Image-caption web data:
· · · · · · ·

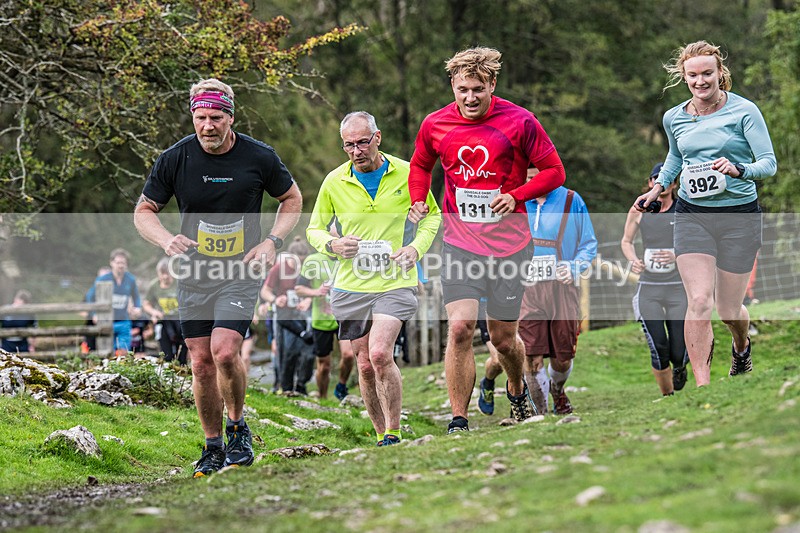 Dovedale Dash-1554 - Dovedale Dash Sunday 5th October 2025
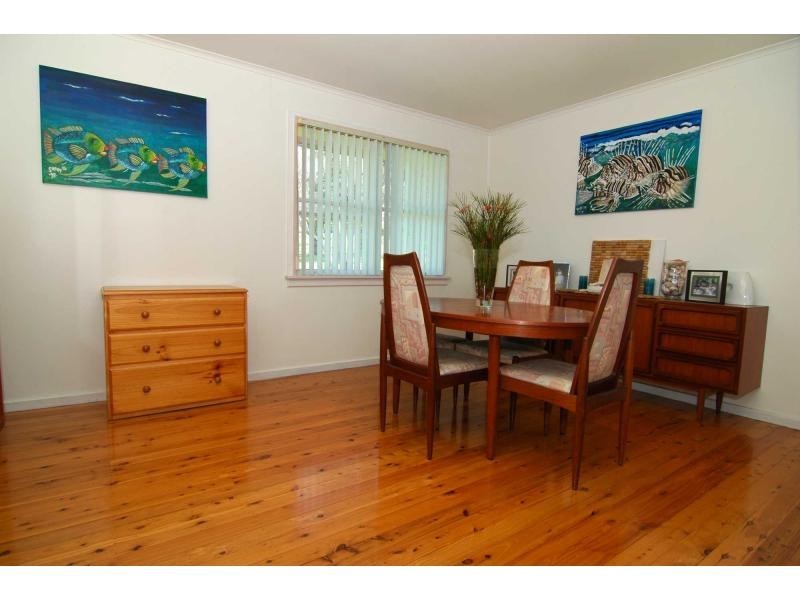 4 Rodd Street, Eden NSW 2551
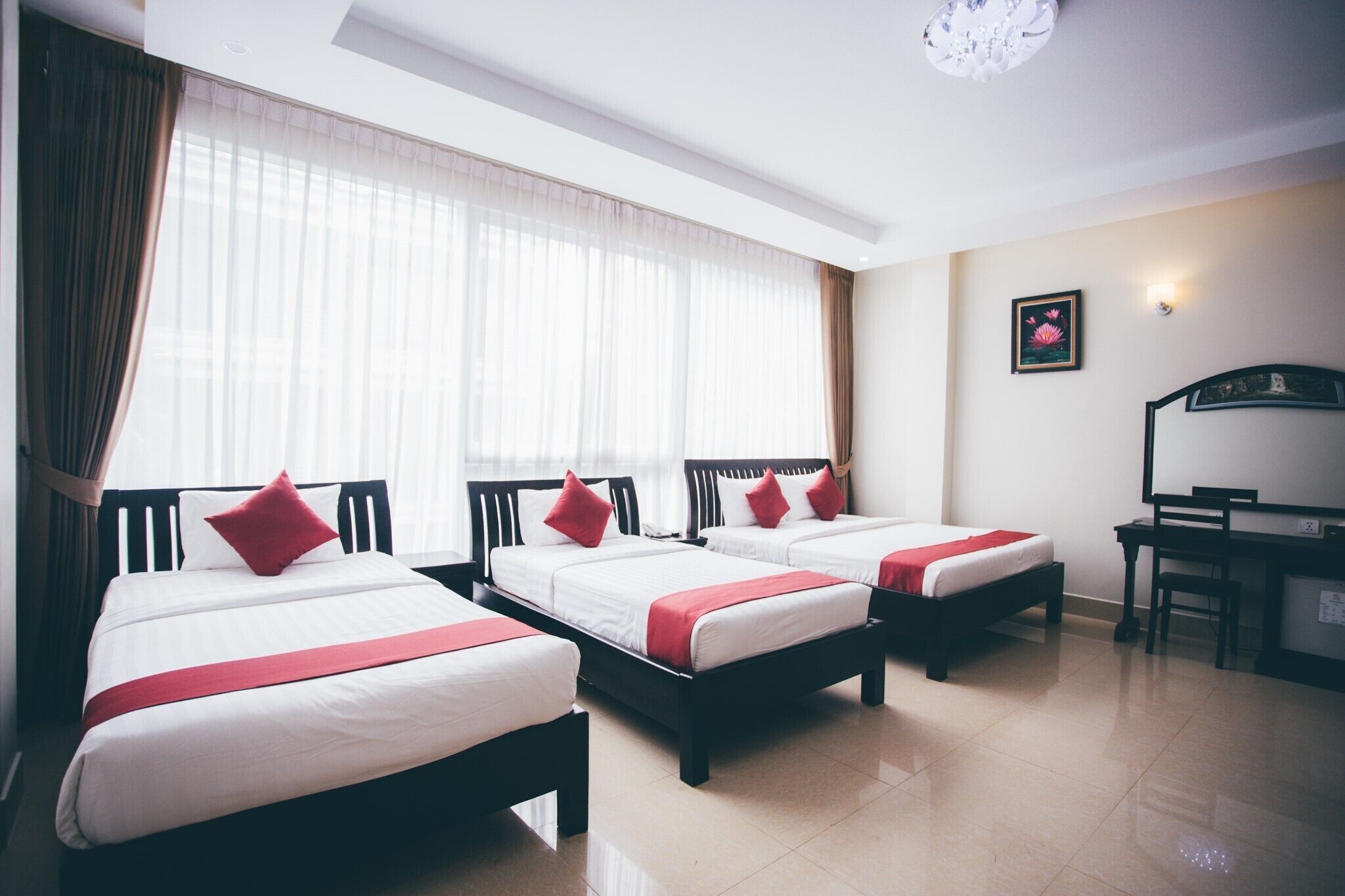 Foto - Chheng Residence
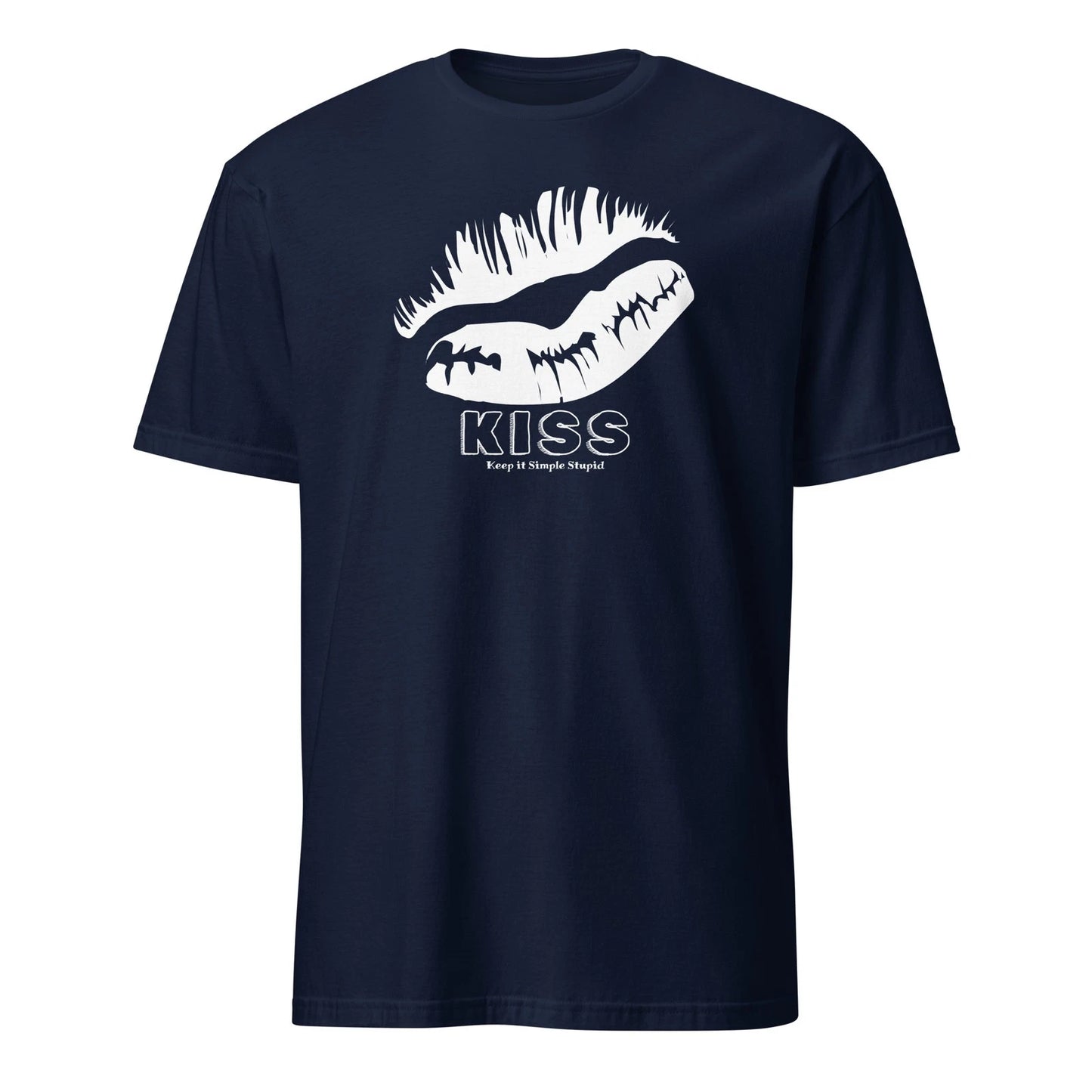AA KISS Keep it Simple Stupid Unisex T-Shirt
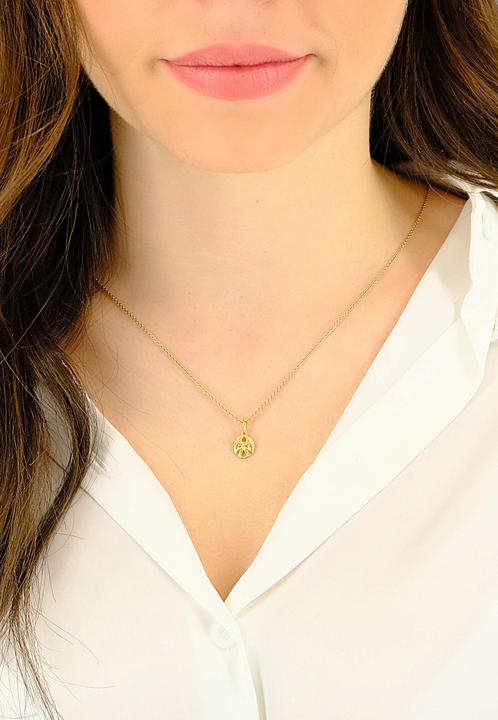 Immagine prodotto Muau Gemelli (Oro giallo 750/18 carati)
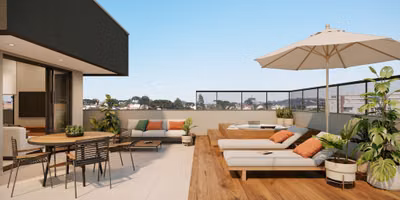 Apartamento, 2 quartos, 77 m² - Foto 5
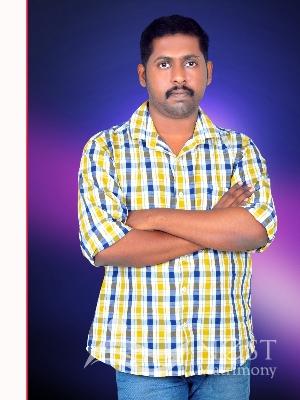 ANOOP P-profile-image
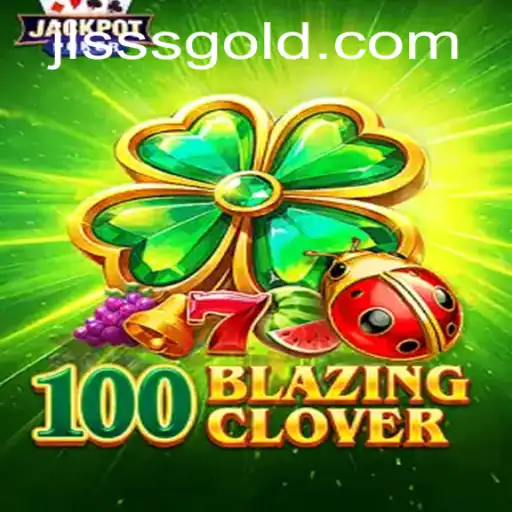 Unveiling the Thrills of 100BlazingClover - A Dynamic Gaming Experience
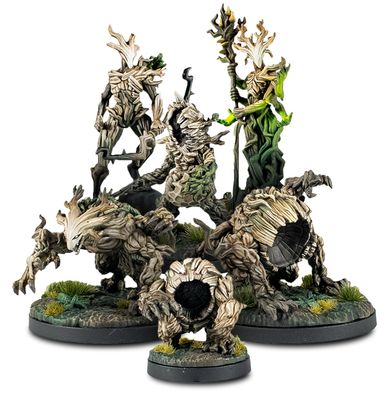 Epic Encounters Forest of the Damned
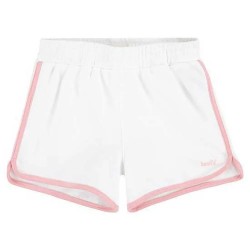 къси,панталони,детски,панталони,levi´s,®,dolphin,sweat,shorts,white,(white,alyssum)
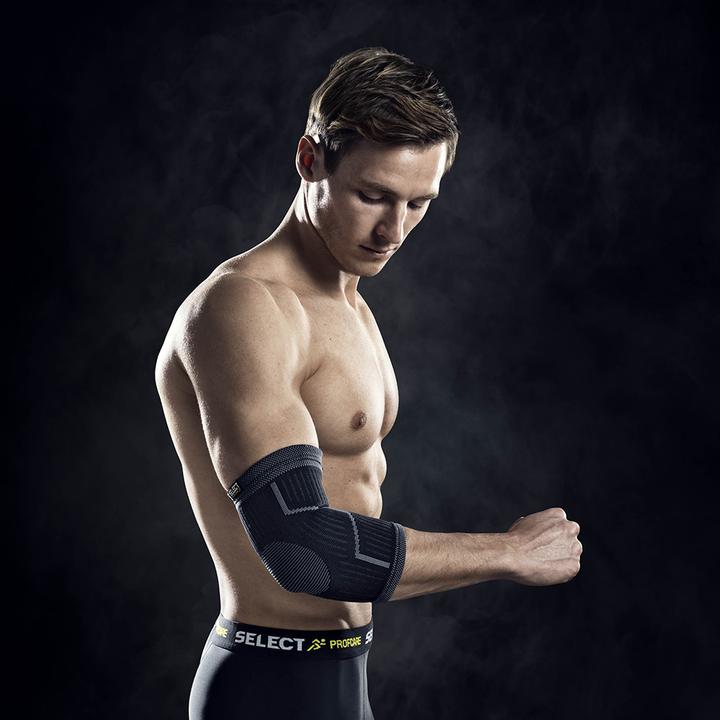 Produktbild Select Elastische Ellenbogenbandage (XL)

· · · · · · ·

Copy out all the data above exactly as written. Skip the pictures.

 Dovedale Dash-1554 - Dovedale Dash Sunday 5th October 2025
 4 Rodd Street, Eden NSW 2551
 Foto - Chheng Residence
AA KISS Keep it Simple Stupid Unisex T-Shirt
 Immagine prodotto Muau Gemelli (Oro giallo 750/18 carati)
 Apartamento, 2 quartos, 77 m² - Foto 5
 ANOOP P-profile-image
 Unveiling the Thrills of 100BlazingClover - A Dynamic Gaming Experience
 Epic Encounters Forest of the Damned
 къси,панталони,детски,панталони,levi´s,®,dolphin,sweat,shorts,white,(white,alyssum)
 Produktbild Select Elastische Ellenbogenbandage (XL)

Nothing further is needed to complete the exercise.